Investors are quick to rave about real estate, and owning a home – or multiple homes, for that matter – is deeply ingrained in the concept of the American Dream. Investing in residential real estate can be a great way to generate passive income. However, there are some important points to consider before jumping into the world of real estate, especially for those thinking about becoming a landlord.
It takes grit
One of the best ways for an investor to maximize cash flow from a property is to manage the property personally. This can mean late-night calls for faulty heaters or air conditioners, burst pipes, electric problems and more. The possibility of things going wrong with a property that will require a landlord's attention is seemingly endless, and this is especially true when dealing with older homes.

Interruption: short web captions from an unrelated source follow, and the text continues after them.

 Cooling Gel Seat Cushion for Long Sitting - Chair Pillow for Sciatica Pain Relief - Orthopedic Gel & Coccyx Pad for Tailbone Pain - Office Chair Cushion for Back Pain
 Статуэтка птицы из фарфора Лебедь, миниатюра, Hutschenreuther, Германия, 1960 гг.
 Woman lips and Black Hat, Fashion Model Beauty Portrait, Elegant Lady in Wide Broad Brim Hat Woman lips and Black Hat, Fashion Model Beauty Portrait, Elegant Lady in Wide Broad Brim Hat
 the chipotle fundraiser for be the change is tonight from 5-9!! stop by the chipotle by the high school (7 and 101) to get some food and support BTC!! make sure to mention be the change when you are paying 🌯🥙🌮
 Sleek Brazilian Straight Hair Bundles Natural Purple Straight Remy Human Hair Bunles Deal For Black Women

Another option is to hire the services of a property manager. This will dig into profit margins, which are likely to be tight at the onset. However, hiring a property manager can take some of the stress out of the process. The property manager will field and respond to emotional emergency calls from tenants and handle other day-to-day activities of running the property. Investors in multi-unit properties may choose to offer a free or low-cost apartment to the property manager as an incentive or a way to reduce salary or the percentage of ownership.
Account for maintenance costs
Those burst pipes, leaky roofs or electrical abnormalities can be signs of more serious problems. In many cases, according to local laws, these problems must be addressed by a licensed professional – and licensed professionals don't come cheap. A smart investor will want these issues taken care of by a competent professional to get them out of the way fast and with as few headaches as possible. Even relatively simple repairs can result in thousands of dollars of billable hours. So, an investor needs to have reserves to cover these unpredictable costs.
Consider macro trends
It's easy to get caught up in the romanticism of homeownership – all the more with single-family homes. In the midst of these heartfelt local connections, an investor needs to think on a much larger scale. For example, many cities in the Midwest are experiencing population loss as job-seekers migrate to big cities.

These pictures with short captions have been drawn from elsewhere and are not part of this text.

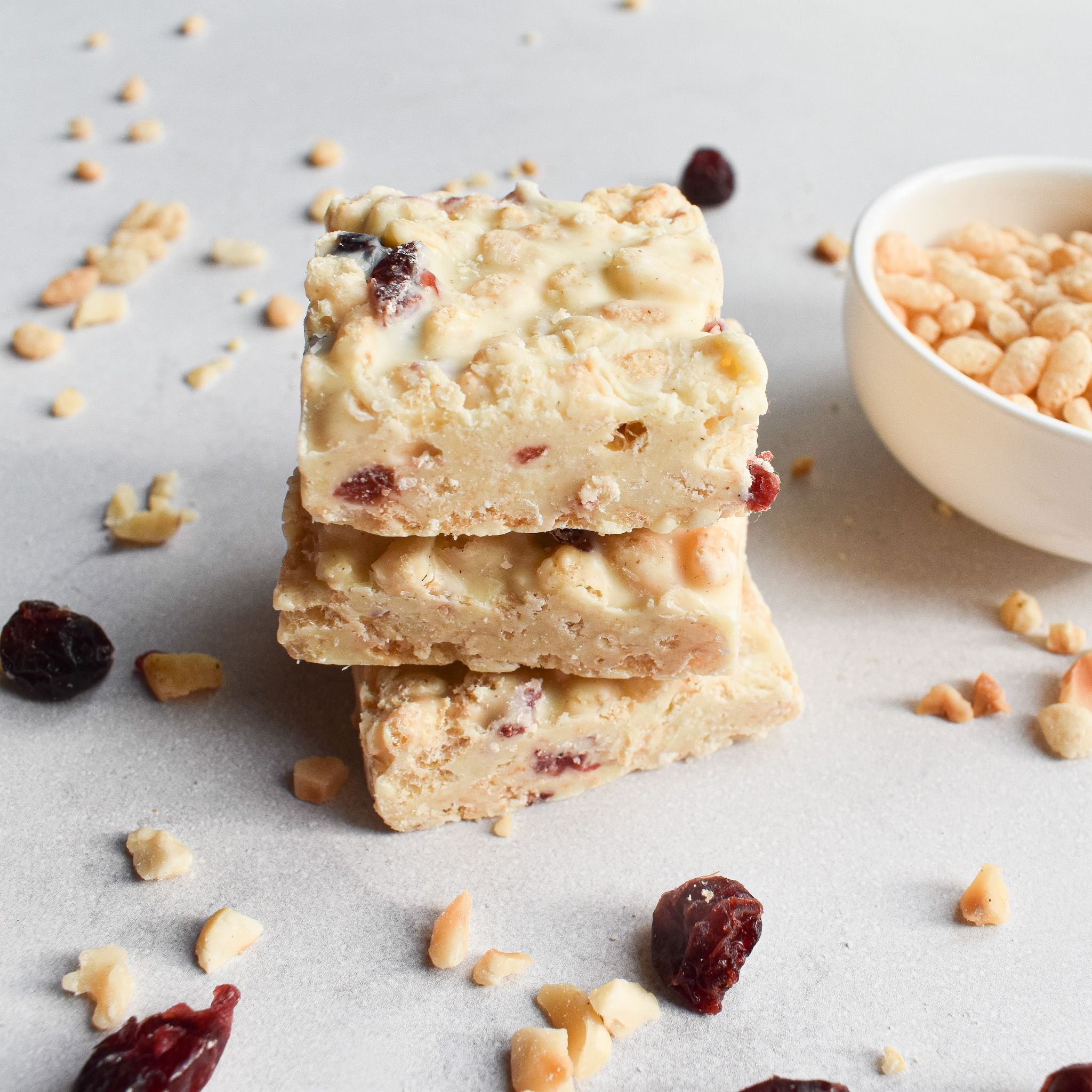 White Chocolate Fruit Crunch Bars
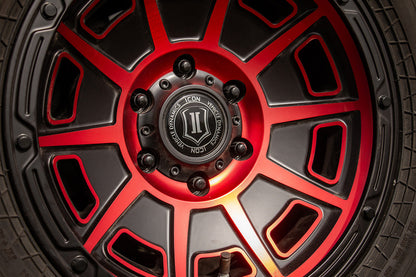 ICON Alloys Victory, Satin Black w/Red, 17 x 8.5 / 6 x 135, 6mm Offset, 5" BS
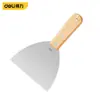Herramienta Deli DL-HD5C mango de madera espátula 5 pulgadas espátula rasqueta plato de hierro grande llana para enlucido y masilla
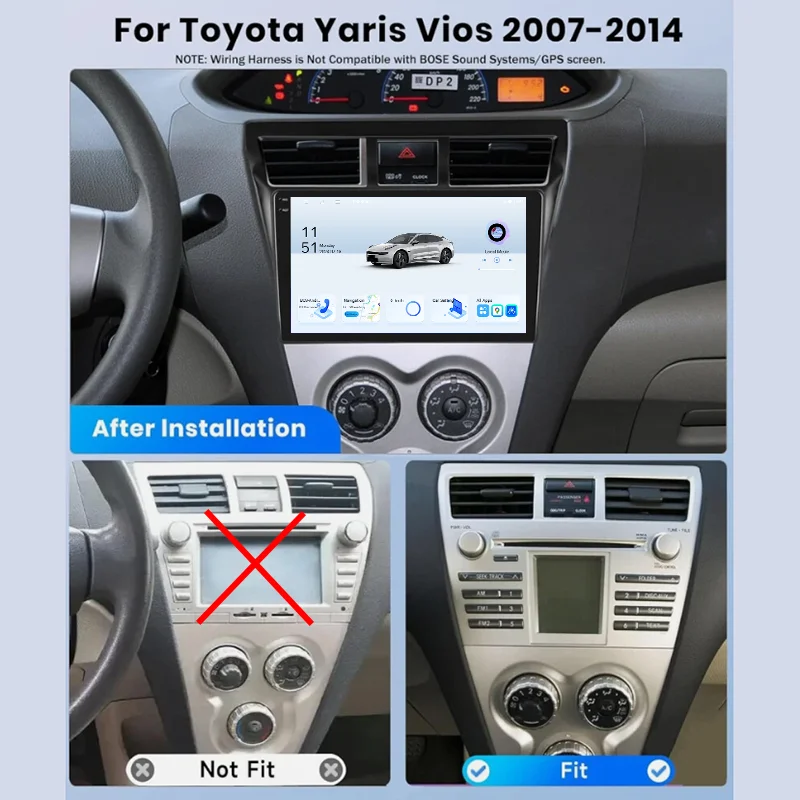 

9'' 4-64GB For Toyota VIOS Yaris 2007-2012 Car Radio Wireless Carplay Android Auto FM BT Head Unit Outer Frame + Cable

As companies merge and consolidate and we see more big-box stores than mom and pop shops, this macro trend is likely to continue. This can mean reduced demand for housing, lower rents and lower overall value should one choose to put the property up for sale. An investor would be better served purchasing property in an area with an upward population growth trend.

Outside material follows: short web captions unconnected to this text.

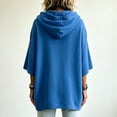 thumbnail image 6 of LNZGNM Hoodies for Women 3/4 Sleeve Solid Color Relaxed Hooded Everyday Breathable Pullover Daily Casual Outdoor,Blue(M), 6 of 7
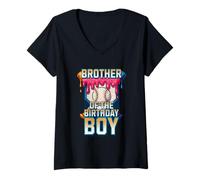 Womens Brother Of The Birthday Boy Baseball Ice Cream Drip Matching V-Neck T-Shirt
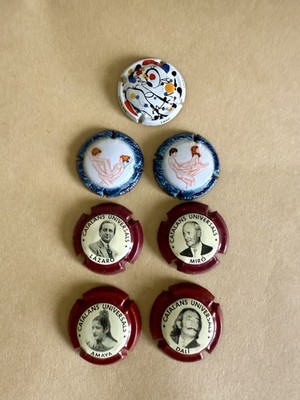Spanish Cava Caps Spain Erotic Couple Salvador Dali Barcelona Vintage Lot Of 7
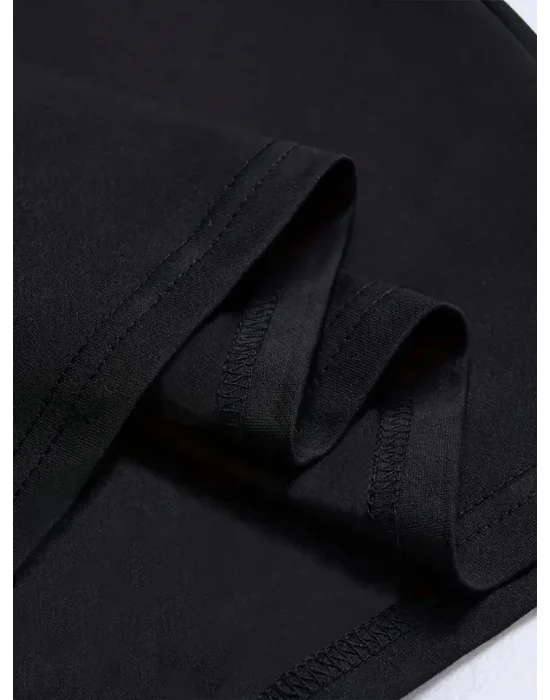 Baskılı Oversize Bisiklet Yaka T-shirt - Siyah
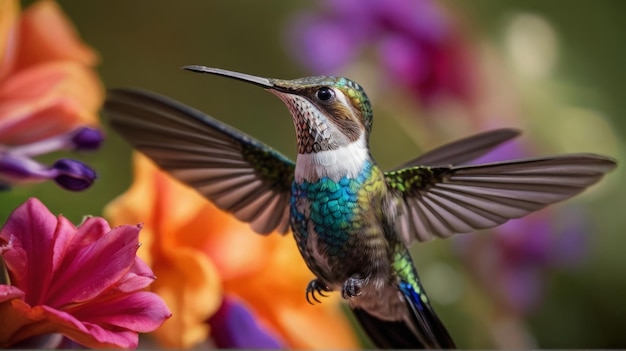 Foto un colibrì sta volando davanti ad alcuni fiori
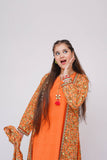 Girls Winter Dress | Orange & Multicolor | Casual 3 Piece Suit  | Cotton Khaddar Printed | GAD-03632
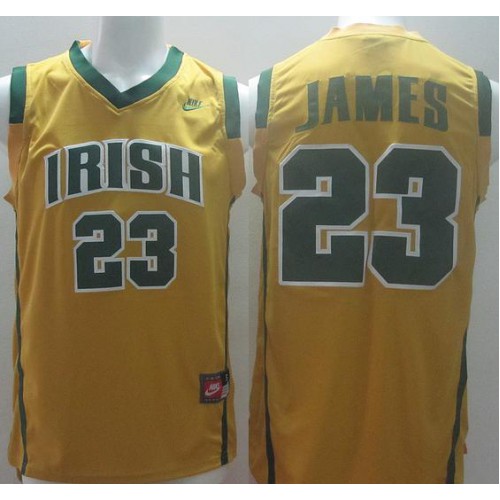 Irish High School 23 Lebron James Yellow Baskteball Jerseys Cheap Irish High School 23 Lebron James Yellow Baskteball Jerseys Cheap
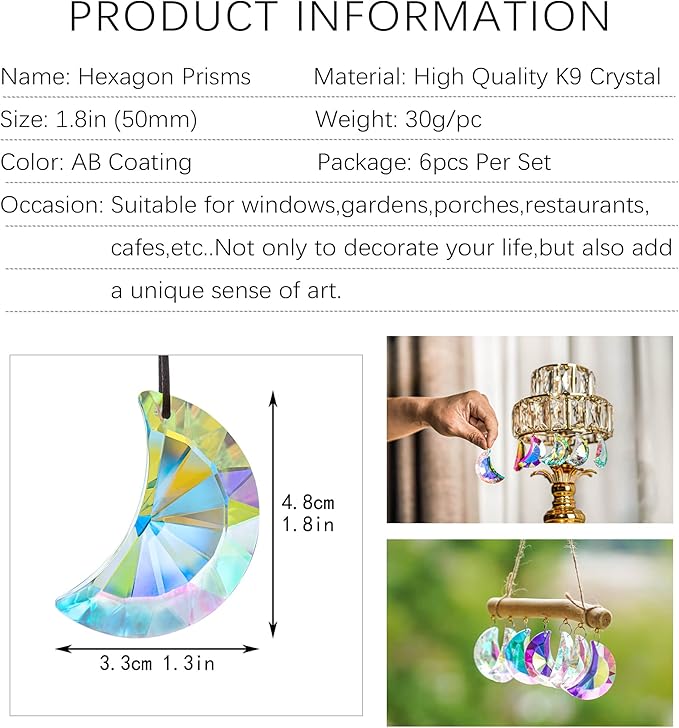 6pcs Colorful Crystal Faceted Half Moon Prisms Chandelier Lamp Lighting Drops - Image 2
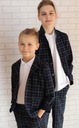 Chlapčenský kockovaný oblek sako nohavice tmavomodrý 122 Vek dieťaťa 6 rokov +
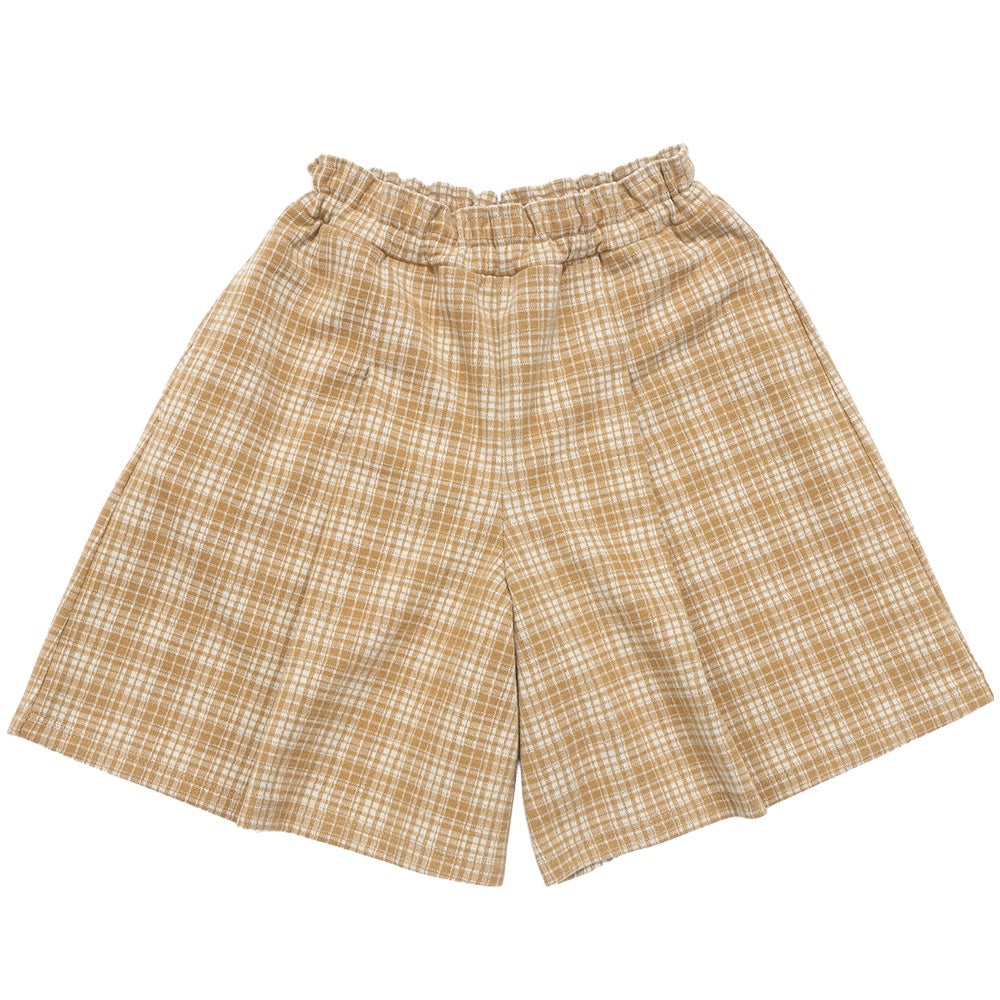 子供服 女の子 チェック柄 タック キュロットパンツ ベージュ(51) 正面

Rental properties can give you a respectable return for your down payment, but it's not always easy money. An investor – specifically one who plans to manage the property personally – can have a real challenge on their hands when the unexpected inevitably occurs. This can be a great opportunity for someone who has handyman abilities, a professional license and a strong stomach. However, if being a residential real estate owner or landlord sounds too intimidating and one is still interested in the market, REITs – Real Estate Investment Trusts – are another, simpler path to go down.